I’m still not sure I understand what exactly happened with the attacks, nor certainly why, but I know that living an effective existence requires that I recognize the hardships of the rest of the world rather than retreating into my bubble of finding happiness no matter what. Sometimes, to have the joy, we need to experience the hardship.
I first heard about the attacks through my pastor’s sermon about gentle kindness rather than extreme force of change. My pastor is always helping me to think of the people that we have ostracized from society, whether by their offensive and horrendous actions or by virtue of our “better” Christianity. He always makes me think about what it really means to be a Christian and treat people exactly as Jesus did. In mentioning the people involved in the attacks on Paris, Ryan included both sides of the war, especially with consideration for those on the Syrian side.
“I wonder why these people feel the need to do this. Why are these terrorists killing themselves? When I step away from ‘They’re just crazy idiot lunatics’ I think about how this is somebody’s son who was programmed a certain way and think they’re doing the right thing, so much so that they strap dynamite to them and blow themselves up in the name of God.”
-Ryan Miller, Branches Church
It is this kind of influence that allows me to try to process such great tragedies. So many of us are behind France and that’s a beautiful thing to see around the country. I’m proud to be American and human during this time. Still, we so often throughout history have tended towards witch hunts. My hope is that, despite this world shaking event, we do not turn back to discrimination against Syrians and their neighboring countrymen. I hope that we can learn from the little lessons we were taught in high school history classes and realize that if history has taught us anything it’s that racism is ugly and causes more wars than it wins. Hating someone for the pigmentation of their skin or the country of their origin is not right.
In lieu of this post’s focus on humanity’s persevering kindness within adversity, I have to mention the Spokane “Windpocalypse” of 2015. This last week has left hundreds of thousands of people without power after a massive windstorm. Throughout the vast area of Spokane, the wind damage is clear.
Trees have broken onto streets everywhere, their roots digging up sidewalks, their fallen carcasses lying in wait for every car who dares venture down a back road. I have lost power, not only at my apartment but at both of my workplaces! The only reason I am able to write this article is because I stayed at the house of an acquaintance, who lives in one of the pockets of power still available in Spokane.
I am used to my entire town being out of power. I experienced this frequently in the wintertime when I lived in a small town. But 2,000 people and five businesses being out of power is easily fixed and easily worked around. Here, there are over 400,000 people, 350,000 of which lost power during the insanely unprecedented storm. “This is the largest crisis Avista has experienced in the company’s 126-year history,” Avista said in a news release.
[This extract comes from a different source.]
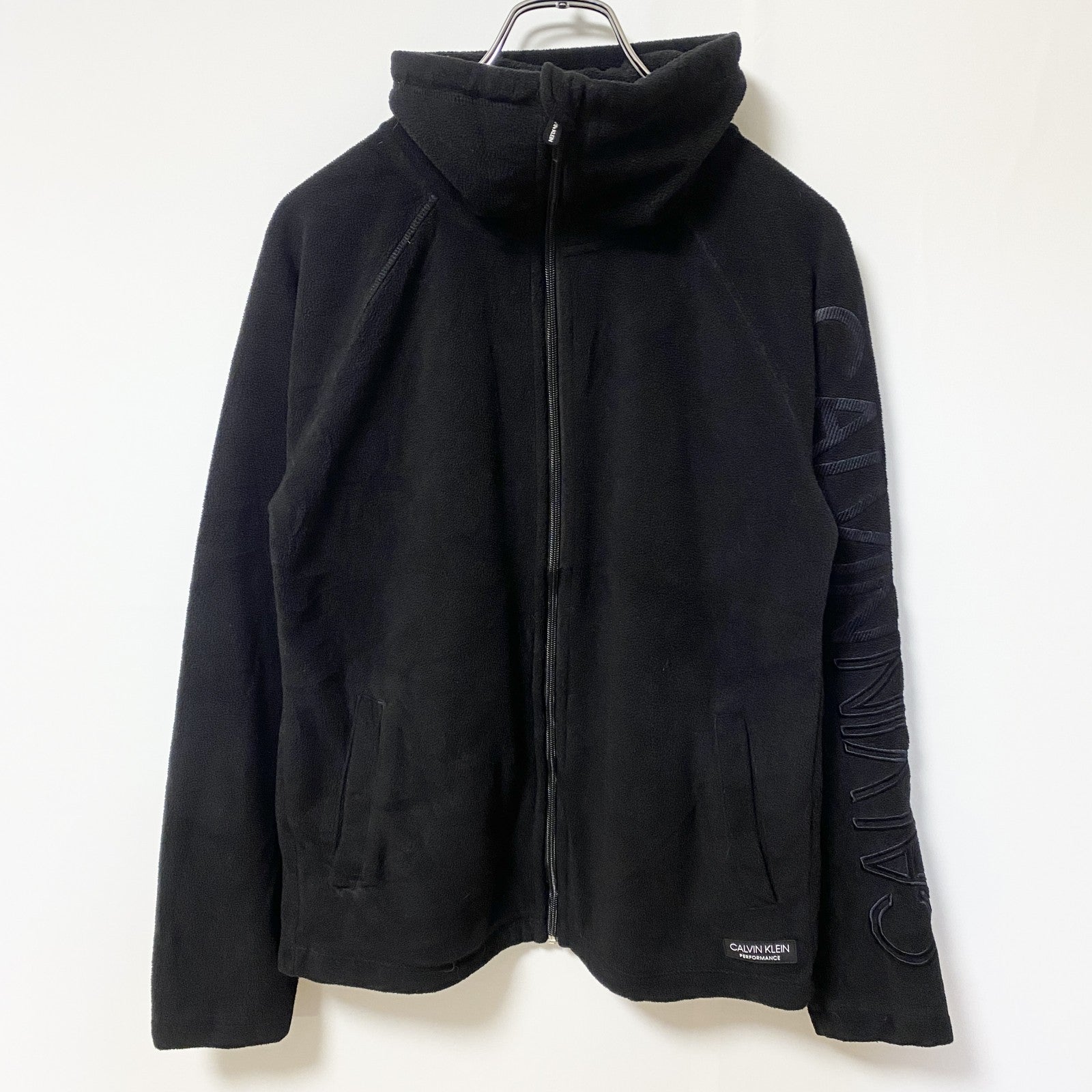 古着 used　Calvin Klein カルバンクライン　パフォーマンス　長袖フリースジャケット　ロゴ刺繍　ブラック　Sサイズ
Despite this, we are seeing that in the poststorm phase, people everywhere are offering their homes for a place to stay, businesses are providing food, heat and outlets and people are talking about the situation. That inspires me immensely. Having spent the last year taking the bus in the spread out city, I have had very few conversations with fellow riders. But, because of this citywide common experience, whole buses full of people affected carry on conversations. I look forward to having my own power back and have been inspired by the change in society because of the windstorm, and the attacks on Paris and for every time we face tragic and frustrating circumstances. I’m proud to be a human, a friend to strangers and an American. We’re learning that kindness should always trump alienation no matter who the person. And that’s beautiful, that’s what we’re supposed to stand for in the first place.